Entender a relação da mídia com o povo brasileiro requer destreza para uma esquizofrenia daquelas. Lados opostos, divergentes, acusam os mesmos jornais, revistas e noticiários de serem coniventes, alinhados ao outro lado, repetindo discursos e se vitimizando diante da cobertura apresentada. Existe sim o nós contra eles, onde nós somos as supostas vítimas indefesas de uma imprensa diabólica produzindo incessantemente conteúdos maquiavélicos.
Enquanto para uns ela é golpista, para outros é vendida, manipuladora; ambos concordam que o que vem escrito, aquilo que é exibido, não os representa e cumpre apenas os objetivos econômicos do grupo aos quais pertencem, geralmente a destruição de um conceito no caso o nosso.
Tirando um outro outro veículo que expõe abertamente o seu lado, reportagens são interpretadas parágrafo sob parágrafo, frame a frame, numa compreensão fracionada, limitada, propositalmente descontextualizada ao gosto do freguês. Mesmo tomando por base uma ou outra coluna ou editorial, dando atenção ao espaço que é dado a um blog pelos grandes portais, fica fácil endossar o discurso da parcialidade e acusar toda uma redação de terem firmado pacto com o demo.
Ora, a Folha de São Paulo é o quintal do Gregorio Duvivier ou a varanda do Kim Kataguiri? A Globo (de tantos artistas que se posicionam aberta e livremente contra o “golpe”) deveria ser interpretada apenas pelo espaço dado as operações da Polícia Federal nos noticiários? Ou ao dar espaço para artistas de esquerda dizerem o que pensam, ela estaria fazendo um jogo de cena? E os programas da mesma emissora que trazem vídeos que falam abertamente em golpe? Onde entram? Em que difere a cobertura copo vazio do Estadão ao governo Haddad da atual leitura que vem sendo feita da gestão “maquiada” de Doria? Dar voz a dois lados opostos não seria justamente o objetivo da grande imprensa?

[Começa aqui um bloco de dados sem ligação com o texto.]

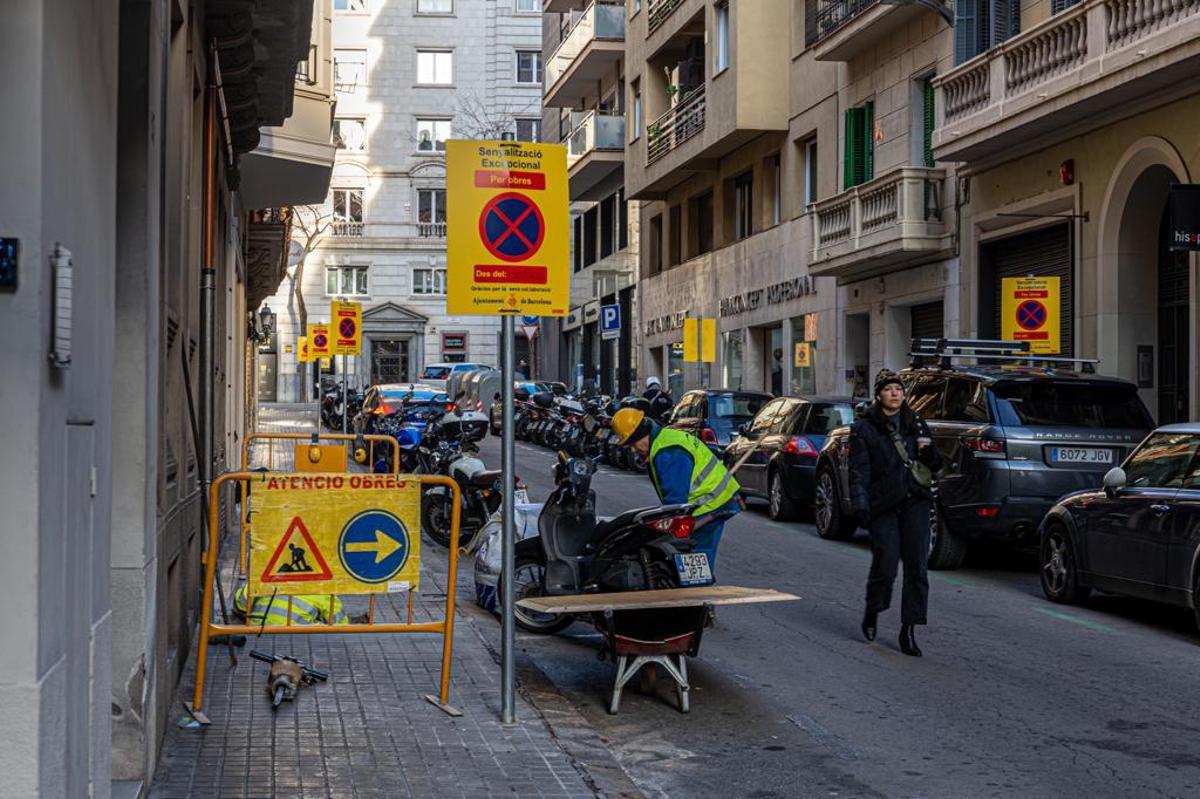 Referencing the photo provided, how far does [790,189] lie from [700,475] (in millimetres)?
23999

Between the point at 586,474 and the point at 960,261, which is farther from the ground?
the point at 960,261

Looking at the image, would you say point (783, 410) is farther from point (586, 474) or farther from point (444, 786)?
point (444, 786)

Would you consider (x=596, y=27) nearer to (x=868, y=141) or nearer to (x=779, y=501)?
(x=868, y=141)

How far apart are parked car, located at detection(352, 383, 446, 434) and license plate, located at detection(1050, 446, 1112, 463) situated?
19.5 m

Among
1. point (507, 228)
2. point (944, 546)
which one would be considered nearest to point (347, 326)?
point (944, 546)

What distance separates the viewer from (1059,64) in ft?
66.5

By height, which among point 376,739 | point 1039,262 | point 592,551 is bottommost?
point 376,739

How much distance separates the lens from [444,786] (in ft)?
21.0

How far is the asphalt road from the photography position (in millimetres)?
7102

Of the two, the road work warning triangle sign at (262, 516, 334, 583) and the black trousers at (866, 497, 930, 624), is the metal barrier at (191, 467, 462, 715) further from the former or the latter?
the black trousers at (866, 497, 930, 624)

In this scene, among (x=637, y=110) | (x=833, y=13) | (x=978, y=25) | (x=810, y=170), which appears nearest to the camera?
(x=978, y=25)

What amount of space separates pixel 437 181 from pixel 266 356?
11143 millimetres

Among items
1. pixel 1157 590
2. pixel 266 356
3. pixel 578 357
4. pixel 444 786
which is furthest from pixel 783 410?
pixel 266 356

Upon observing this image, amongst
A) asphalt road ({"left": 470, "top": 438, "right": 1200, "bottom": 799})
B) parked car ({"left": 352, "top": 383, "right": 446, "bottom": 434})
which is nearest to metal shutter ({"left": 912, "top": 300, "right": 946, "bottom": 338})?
parked car ({"left": 352, "top": 383, "right": 446, "bottom": 434})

É curioso que passe despercebido para a maioria o flerte descarado da mídia com o negativismo. Notícias alarmantes, pessimistas, do tipo “é o fim do mundo” costumam atrair mais a atenção, gerar mais cliques e, consequentemente, mais dinheiro do que propagandas de benfeitorias administrativas. Denunciar está no core da função jornalística, criticar também. É isso que ainda mantém empregados milhares de amigos jornalistas Brasil à fora, e quem duvide disso que entre num portal ou compre um jornal do interior para ver como esses vendem sangue. Não tem nada de novo nisso.
A mídia brasileira precisa de uma profunda DR com a sociedade para que entendam que são tão ligados que não dá para saber onde começa um e termina outro. É preciso que não superestimem papeis e responsabilidades de todos os agentes envolvidos. Como disse para uma amiga, ao focar nesse ou naquele grupo como os grandes satãs instaurando o apocalipse a partir do Brasil, perdemos a chance de avaliar o todo e ver como O MUNDO tem se relacionado com a produção de conteúdo. Qual o nosso papel nisso tudo seja divulgando o que acreditamos e também o que não concordamos? Qual a nossa contribuição no crescimento do bolo da descrença e na criação de mitos inalcançáveis?